The 136GBps is not DRAM->DRAM in simultaneous R/W.

It's for DRAM->ESRAM, or ESRAM->DRAM, and because you can't write more data than you can read in a copy operation, the transfer rate is bound by the DRAM max BW, which is 68GBps, hence 68GBps * 2 = 136GBps.

Forget the bad analogy. The reality is that DRAM has a max bandwidth of 68 GBs. Regardless of the bandwidth available to the eSRAM or gpu. Both devices has to accomodate the bottleneck presented by DRAM.

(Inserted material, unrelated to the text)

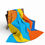 Thumbnail: Arctic Fleece Blanket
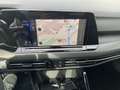 Volkswagen Golf Variant 2,0 TDI R-Line DSG 4MOTION Pickerl bis 10/2023 ... Gris - thumbnail 18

Which means when you are reading from DRAM into the GPU it will happen at 68 GBs and the GPU is going to stream that data to eSRAM at 68 GBs unless you are buffering the data to more efficiently use eSRAM bandwidth. But that doesn't accelerate data being sourced from the DRAM.

As long as you are using the max bandwidth when reading from DRAM, the DRAM won't accommodate any writes so when the gpu is ultilizing whatever esram bandwidth not being used for copying data from the dram to esram, that data destined for DRAM has to sit somewhere and wait for the data from dram to sram to complete or you must reduce the bandwidth being used by the reads off dram to accommodate writes to dram.

Scott_Arm · Sep 12, 2013

This suddenly became the best thread. Hall of fame.

It started with quantum mechanics and now it's on to fast food analogies.

3dilettante · Sep 12, 2013

dobwal said:
Forget the bad analogy. The reality is that DRAM has a max bandwidth of 68 GBs. Regardless of the bandwidth available to the eSRAM or gpu. Both devices has to accomodate the bottleneck presented by DRAM.

What is the total amount of system bandwidth consumed if the GPU runs a shader that reads in 68 GB/s of data from RAM and does some random stuff to it internally, and at the same time a different shader is writing to the eSRAM--coincidentally at 68 GB/s?

taisui · Sep 12, 2013

dobwal said:
As long as you are using the max bandwidth when reading from DRAM, the DRAM won't accommodate any writes.

Right, and who said that it is capable of doing any write to the DRAM for such instance? I still don't understand what you are confused about.

You have no problem saying that DRAM BW can be in a configuration of 34GBps Read + 34GBps Write = 68GBps, but yet you have a problem with 68GBps Read from DRAM + 68 GBps Write to ESRAM = 136GBps?

NRP · Sep 12, 2013

Scott_Arm said:
This suddenly became the best thread. Hall of fame.

It started with quantum mechanics and now it's on to fast food analogies.

LOL! I was just thinking the same thing.

upnorthsox · Sep 12, 2013

3dilettante said:
What is the total amount of system bandwidth consumed if the GPU runs a shader that reads in 68 GB/s of data from RAM and does some random stuff to it internally, and at the same time a different shader is writing to the eSRAM--coincidentally at 68 GB/s?

The table states

ESRAM ---> DRAM Max bandwidth = 68 GBs
DRAM ---> ESRAM Max bandwidth = 68 GBs
Total Max bandwidth---> 136 GBs

This is what was being discussed, there's no gpu inbetween. In this scenerio the 68GB is full rate, 100% bandwidth, in or out, read or write, makes no difference. The 136GB is wrong because 200% bandwidth is wrong.

DrJay24 · Sep 12, 2013

I think we need to indicate who consumes this bandwidth at any given clock cycle.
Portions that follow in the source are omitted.